Whatever's happened to them in the last year, I hope they're happy. It would be a terrible waste if three of us were hurt this badly and only one of us turned out as happy as I am.

Home early or not, it's time for bed.

Monday, May 03, 2004

Ten books I can't live without

Stiff (The curious lives of human cadavers), by Mary Roach

An Anthropologist on Mars, Oliver Sacks

War for the Oaks, Emma Bull

Stardust and Neverwhere, Neil Gaiman

Last Chance to See, Douglas Adams

Brother Cadfael's Penance, Ellis Peters

The Phantom Tollbooth, Norton Juster

Gaudy Night, Dorothy Sayers

How to Cook Everything, Mark Bittman


Sunday, May 02, 2004

Things that make me cry and things that do not.

Patients dying, on the whole, do not make me cry.

A person who faces their death from something nasty, like a glioblastoma (a particularly evil form of brain tumor) with humor and grace makes me simultaneously happy and sad, but not to the point of crying.

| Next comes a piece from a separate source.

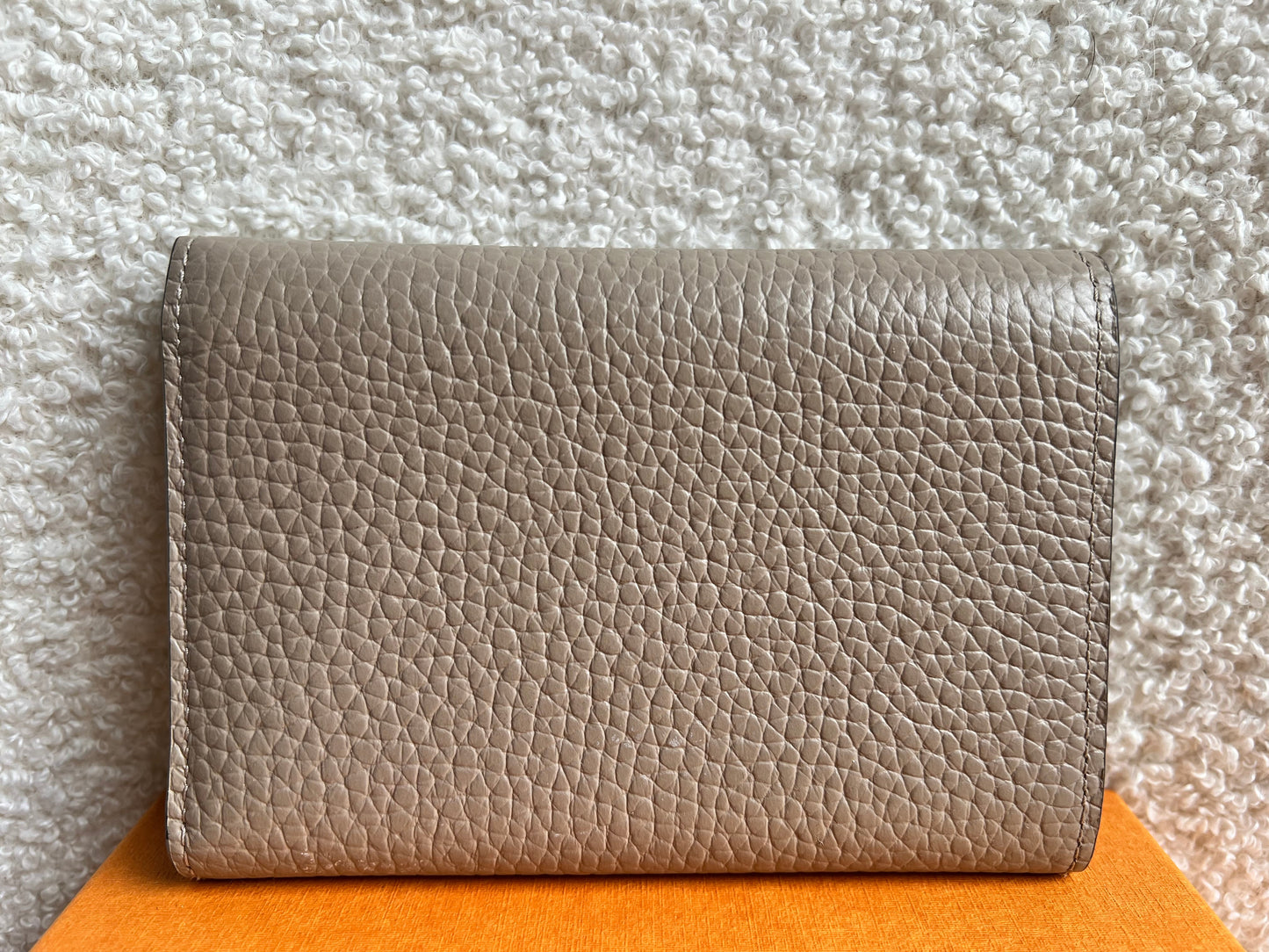 Louis Vuitton Galet Compact Capucines Wallet (RRP £730)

Wait: I take that back: One patient greeted the news that the entire left side of her brain had been taken over by a tumor with the observation that things could be worse. That made me tear up, laugh out loud, and finally fall into bed next to her, where we spent the next half hour talking.

Sometimes my coworkers make me so angry I'd like to toss their bodies into the alley behind the building, but only once have I actually broken into tears at work (and that was this past week, actually).

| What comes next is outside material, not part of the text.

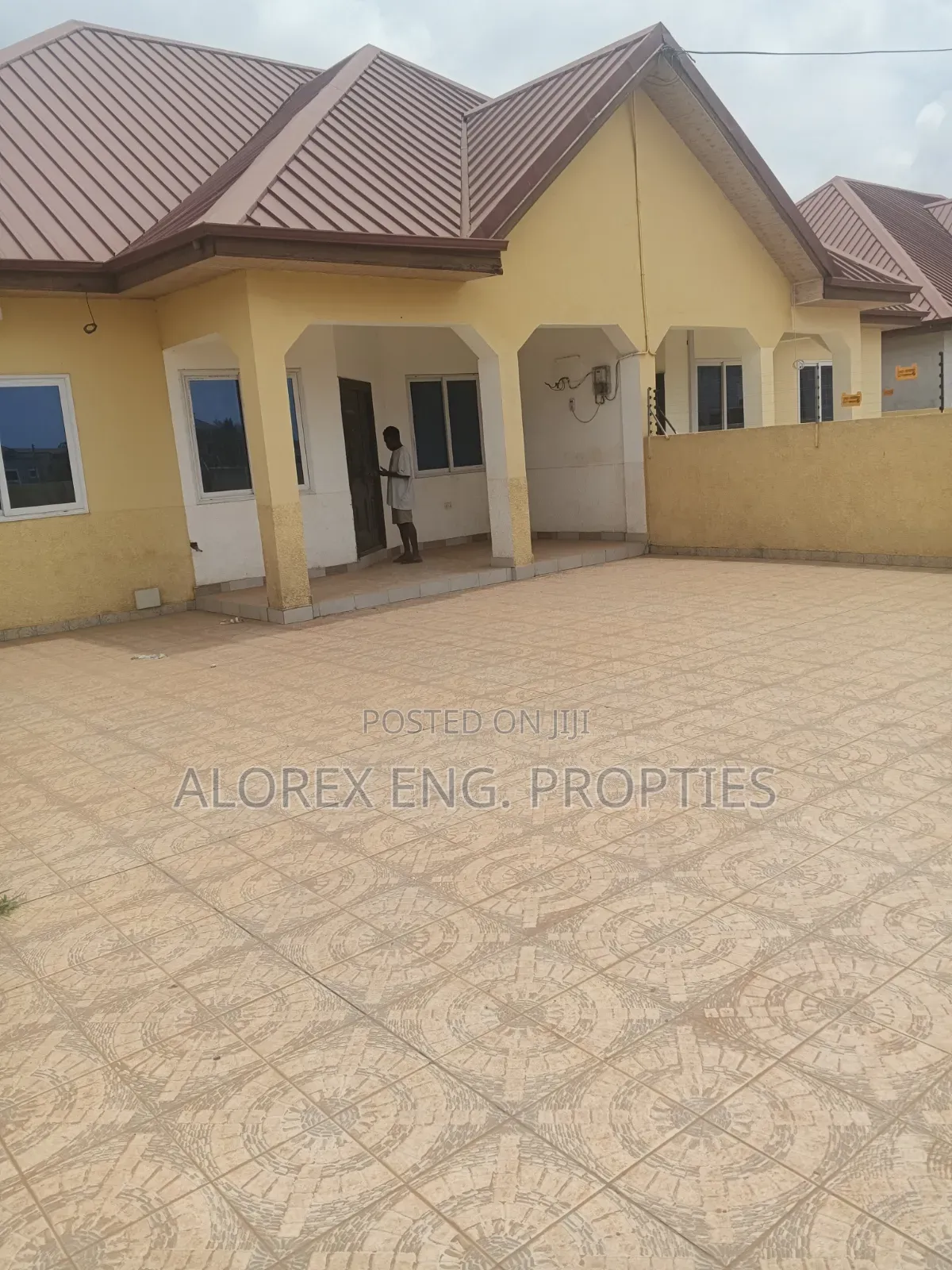 2bdrm House in Adenta Amrahia, Frafraha for rent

"Extreme Makeover: Home Edition" makes me cry. Reliably. So much so that if I feel in the need of a good howl, I clear my Sunday night schedule (or Thursday night, when there's a rerun on) and sit down on the couch with ice cream and a box of Kleenex.

My old job used to make me cry. In that job, I talked to women and men of all ages about sex, genetics, cancer, pregnancy, abortion, general health issues, STDs including HIV, domestic abuse, rape, and anything else they wanted to bring up. I used to head to the bar straight from work on a semi-regular basis.

This job doesn't have that perk. When you're a sexual health counselor, you have something tangible to fight against: stupidity or fear or ignorance. When you're working with people who have brain troubles, the enemy is intangible, or so completely beyond anything you can do, that you go home simply tired out to your toenails.

Stories of cruelty to animals make me cry. I then get so angry that I want to kill someone. The one case of cruelty to a helpless human being that I've run across so far in this job made me so angry I wanted to kill someone, but without the tears.

I'm certain that whoever abuses/neglects old people, children, or animals will go to a particularly hot spot in Hell. And I'm also certain that I will have a seat right up front so I'll get to watch 'em for all eternity.

When our coworker John died, I didn't cry. I wish now that I'd've been able to. I miss him an awful lot.

Assholes who don't call when they say they will don't make me cry. Instead, they make me work out elaborate and untraceable revenge plots.

You'll be sorry, Man B. I just got this month's "Smithsonian" magazine, which includes an interesting article on obscure natural poisons. That'll teach you not to call.